Layers

by MyChemicalRachel



Category: Teen Wolf (TV)
Genre: M/M, Shrek AU, because why the hell not, but instead of ogres, he's a werewolf
Language: English
Status: In-Progress
Published: 2017-01-26
Updated: 2017-01-25
Packaged: 2018-09-20 00:21:32
Rating: Teen And Up Audiences
Warnings: Creator Chose Not To Use Archive Warnings
Chapters: 1
Words: 755
Publisher: archiveofourown.org
Story URL: https://archiveofourown.org/works/9467138
Author URL: https://archiveofourown.org/users/MyChemicalRachel/pseuds/MyChemicalRachel
Summary: Cursed by a fairy, Stiles was destined to live his life locked away from human interaction. By day he was a normal boy, but when night fell Stiles took the form of a wolf.[Scrolling through Tumblr, I saw something tagged "sterek au" and misread it as "shrek au." Then this happened...]





	

It was a precaution, they said.

It’s temporary, just until we find a cure.

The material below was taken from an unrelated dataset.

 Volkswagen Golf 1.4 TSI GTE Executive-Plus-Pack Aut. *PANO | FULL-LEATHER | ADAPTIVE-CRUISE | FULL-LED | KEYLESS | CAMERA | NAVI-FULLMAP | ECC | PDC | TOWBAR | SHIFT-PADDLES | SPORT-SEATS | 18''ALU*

At first, Stiles had believed them. He was young then. Naive. Hopeful.

As the years passed, and Stiles withered away in that cabin, his hope started to fall away like the chipping stones of the surrounding walls. He entertained himself in any way possible. First it was exploring, but there was only so much discovering to be done in his new prison. There was no one to talk to, no voice other than his own to keep him company. So he talked to himself. It was probably crazy, but it felt like the only thing keeping him sane. After so long, he hated the sound of his own voice.

Stiles kept track of days, then months, and years. Days and nights flashing by like pictures, too far away to reach, just beyond that barred window.

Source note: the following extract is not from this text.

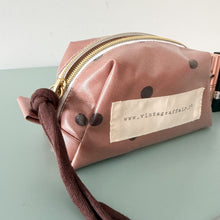 Load image into Gallery viewer, necessaire pequeno CAPUCCINO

The only thing that kept him alive was the promise his dad had made, the last thing he’d said before building the prison around Stiles;

_ “I’ll be back for you. I’ll find a cure and I’ll come back.” _

Thirteen years, as the marks showed him, had passed. And still a sliver of hope remained. His dad would come back for him, he had to. He’d promised.

As Stiles scratched another mark into the stone, he felt the change take hold. Just like it did every night. The sky outside turned an orange color as the sun sank beneath the horizon. It would have been pretty, but the sunset triggered the curse. The curse that turned Stiles into a monster. And he knew that nothing about that could be pretty.

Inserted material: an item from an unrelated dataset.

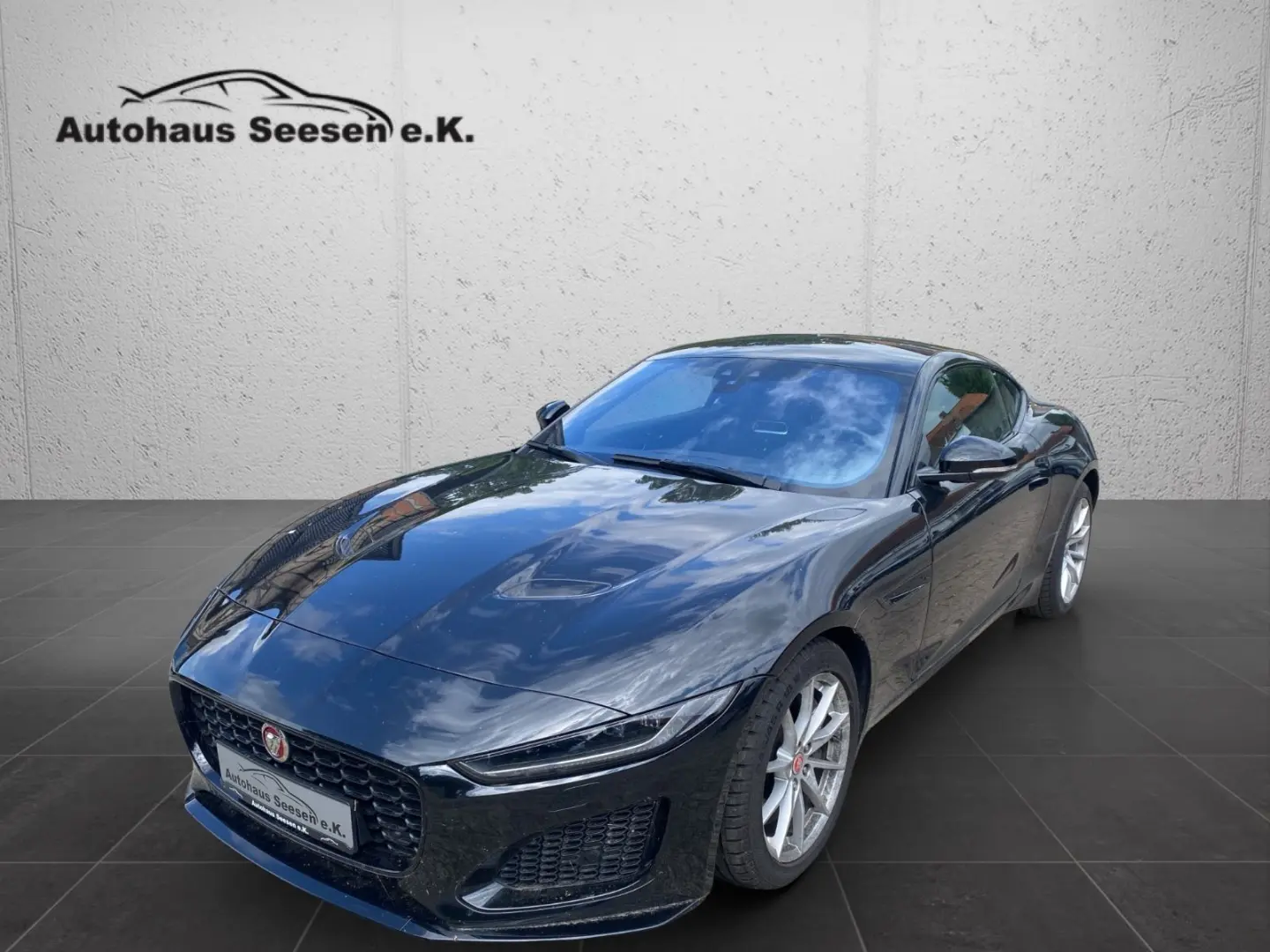 F-TYPE Coupe P300 Black Pack Performance Sitze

When he was ten, his mother died. She was attacked by a wolf, just outside of town late one night. By the time the police found her body, it was almost beyond recognition. Stiles had seen the pictures, they’d been burned into his brain.

It was in their time of grieving that Stiles’ dad made a rash decision; John tried to bargain with a woodland fairy, he wanted to catch the monster that killed his wife, to avenge her. But the fairy was not happy. To call one of her creatures a monster when it was merely an animal acting on basic instinct was infuriating. The fairy would not kill the wolf. Instead, she enacted the curse.

“By night one way, by day another,” the fairy told him. “This shall be the norm, ‘til he finds true love’s first kiss, then take love’s true form.”

Without further explanation, the fairy vanished. When the sun set that night, Stiles’ bones began to shift. His flesh peeled away to expose rough fur underneath. His teeth and fingernails fell away, one by one, replaced with sharp, pointed ones. Stiles screamed, the pain unbearable. And then suddenly the screams stopped and he was howling instead. As his clothes tore, slipping to the floor in shreds, John was left staring at a wolf in his son’s place.

Stiles ran. He didn’t know what else to do. It felt as if the trees, the moon, were calling to him. Beckoning. He followed.

In the morning, John found Stiles, his naked human body dirty but unscathed, lying on the front lawn.

It was then that John made the decision to build the concrete cabin, the single-room cell with no doors and one tiny barred window, and Stiles was locked away.

And locked away he remained for thirteen years until one day, the stone walls holding him in began to fall away. Crumbling to bits of dirt on the floor. When the dust settled and the blinding sunlight filtered into the room, Stiles was faced with a man. Ripped jeans and a dirty henley. Not quite a knight in shining armor. There was a bloody baseball bat in his grip, where sharp claws bit into the wood and a pickaxe discarded on the ground just beyond the broken stone. It’s when Stiles’ gaze traveled up to the stranger’s face that his breath caught.

Red eyes peered back at him. Glowing, vibrant red eyes. Fur, or maybe just facial hair, spattered the man’s cheeks and chin. His ears were pointed and his bare brow bones stuck out, tugging down into a frown.

“Well, come on,” he nearly growled. He jerked the baseball bat toward the newly made exit. Beyond him, there was freedom. His frown seemed to deepen, his eyes glowing redder, and a look of exasperation settled on his features. “I haven’t got all day.”


End file.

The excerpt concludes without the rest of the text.